All About Beer Magazine - Volume 30, Issue 5
November 1, 2009 By

The only people who drink in this bar are sailors, drug dealers and whores.  Shall we go in?”

Two hours after nodding mutely in reply to the cargo ship’s captain, eating cake at a Brazilian prostitute’s birthday party while my seafaring companion told the gathered ladies how I’d slept through my watch the night I was supposed to be keeping lookout for pirates, I wondered again if my beer obsession had gone a little too far.

When I announced my journey to beer-writing colleagues several were jealous, but all of them emphatically told me they would never do it. I guessed maybe it was moments like this that they were scared of.

We often tell each other we live in a shrinking world. It feels like that much of the time, when the other side of the planet is only a 24-hour flight away and we tweet, blog and e-mail global, real-time conversations without even thinking about it. But ocean travel revealed a different world to me―a huge world that exists outside the confines we’ve created for ourselves.  It’s more lawless, varied and uncertain than we could imagine.

We do suspect it’s lurking there though. Romantics and discontents have always gone away to sea when they can’t find what they’re looking for on land. Some find it on the ocean, others on docksides, places on the edge.

As a traveler, I was a little wet behind the ears when I set out from Burton-on-Trent.  Was I walking into danger? I simply never got round to worrying about it.

The tall ship was the highlight. When you’re spinning the wheel like Jack Sparrow, navigating by compass but gazing at the moon and stars, it’s difficult not to break into song. But a 140-foot long ship is a small environment when there’s nowhere else to go.  And no one―no one―jokes about falling in, or messes around in the rigging, or disobeys the captain.  You never feel in mortal danger, but you’re only one stupid or ignorant move away from serious trouble.

My friends seemed more concerned about the container ship leg though―and with good reason. There’s less immediate physical danger, but this is the hardcore end of ocean travel. The guys you meet aren’t here out of any sense of ocean-going romance; they’re here because where they come from, the $1200 US you get for a year’s toil is good money. Passengers are a source of curiosity, but not to be befriended.

The world’s docks run on bribes, and there’s no consumer rights body to complain to when some guy doesn’t feel like letting you on or off a ship unless there’s something in it for him. The captain had a locker full of cigarettes and whiskey to help smooth his ship’s passage along the lanes of global commerce. They came in handy when I boarded in Rio de Janeiro, where the customs agent thought I was trying to work a passage illegally. And again in Iran, after Tehran refused me a visa―although I still found myself looking down the wrong end of an AK47 when the captain suggested I go ashore in Bandar Abbas to “drink some non-alcoholic beer and look at pictures of Khomeini.”

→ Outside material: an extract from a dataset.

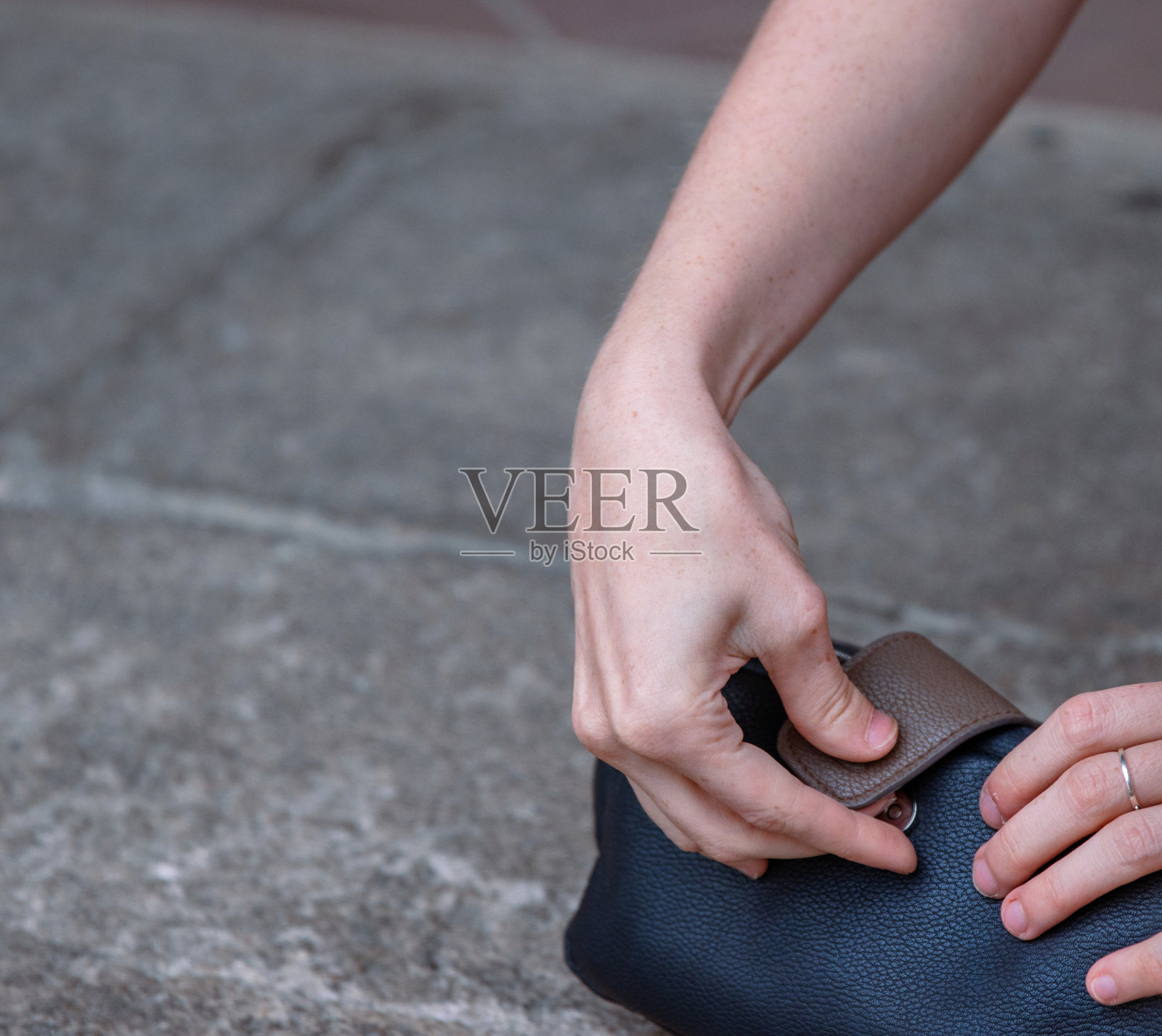 这位年轻芭蕾舞者的腿和手的特写。年轻的女士坐在石头地板上,一边化妆一边打开她的黑色皮革化妆包。后台的时刻。副本的空间。照片摄影图片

But the captain’s stash was no use against the threat of pirates―we were lucky in Santos, and again off the coast of Somalia.  And it was no use when I reached my destination. It cost me $275 in baksheesh to get off the ship, even though my paperwork was in order. The benefit of that though, was they turned a blind eye to me importing four-and-a-half gallons of contraband beer into one of the alcohol-ambivalent countries in the world.

Good times.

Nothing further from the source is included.